🤖 AI Summary
This work addresses Riemannian optimization problems with Euclidean bound constraints—common in covariance estimation, neuroimaging, and signal processing—and proposes the first method extending the generalized Cauchy point strategy from L-BFGS-B to Riemannian manifolds, enabling joint optimization over bounded Euclidean variables and manifold variables. The approach integrates limited-memory quasi-Newton updates in the tangent space with a boundary-handling mechanism and is implemented within the Manopt.jl framework. Experimental results demonstrate that the method matches the performance of classical L-BFGS-B, substantially outperforms interior-point methods, and achieves speedups of several orders of magnitude in blind source separation and principal component analysis tasks.
📝 Abstract
We propose a Riemannian limited-memory BFGS method for optimization problems with Euclidean bounds. The method combines a limited-memory quasi-Newton update in the tangent space with a Riemannian adaptation of the generalized Cauchy point strategy from classical L-BFGS-B, enabling efficient handling of Euclidean bounds while exploiting the geometric structure of the optimization domain. This setting is important in several applications, including covariance matrix estimation with bounded variance, neuroimaging, EEG signal classification, and other signal processing or computer-vision tasks that couple manifold variables with constrained Euclidean parameters.

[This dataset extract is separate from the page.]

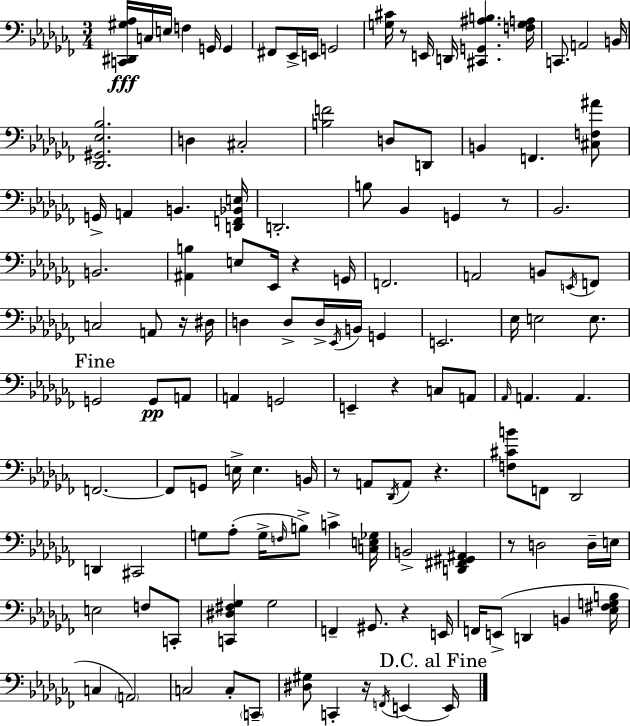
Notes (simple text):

[C2,D#2,G#3,Ab3]/s C3/s E3/s F3/q G2/s G2/q F#2/e Eb2/s E2/s G2/h [G3,C#4]/s R/e E2/s D2/s [C#2,G2,A#3,B3]/q. [F3,G3,A3]/s C2/e. A2/h B2/s [Db2,G#2,Eb3,Bb3]/h. D3/q C#3/h [B3,F4]/h D3/e D2/e B2/q F2/q. [C#3,F3,A#4]/e G2/s A2/q B2/q. [D2,F2,Bb2,E3]/s D2/h. B3/e Bb2/q G2/q R/e Bb2/h. B2/h. [A#2,B3]/q E3/e Eb2/s R/q G2/s F2/h. A2/h B2/e E2/s F2/e C3/h A2/e R/s D#3/s D3/q D3/e D3/s Eb2/s B2/s G2/q E2/h. Eb3/s E3/h E3/e. G2/h G2/e A2/e A2/q G2/h E2/q R/q C3/e A2/e Ab2/s A2/q. A2/q. F2/h. F2/e G2/e E3/s E3/q. B2/s R/e A2/e Db2/s A2/e R/q. [F3,C#4,B4]/e F2/e Db2/h D2/q C#2/h G3/e Ab3/e G3/s F3/s B3/e C4/q [C3,E3,Gb3]/s B2/h [D2,F#2,G#2,A#2]/q R/e D3/h D3/s E3/s E3/h F3/e C2/e [C2,D#3,F#3,Gb3]/q Gb3/h F2/q G#2/e. R/q E2/s F2/s E2/e D2/q B2/q [Eb3,F#3,G3,B3]/s C3/q A2/h C3/h C3/e C2/e [D#3,G#3]/e C2/q R/s F2/s E2/q E2/s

We provide a generic algorithmic framework and an implementation of the algorithm in the Manopt.jl library. Numerical experiments on benchmark problems indicate only minor reduction in performance on Euclidean problems compared to the classical L-BFGS-B method, while outperforming interior-point methods. Furthermore, the algorithm was tested on two mixed manifold and bounded Euclidean problems: amplitude-limited blind source separation with Gaussianity penalization and bounded-variance maximum likelihood common principal components analysis. The proposed method outperforms existing methods by several orders of magnitude.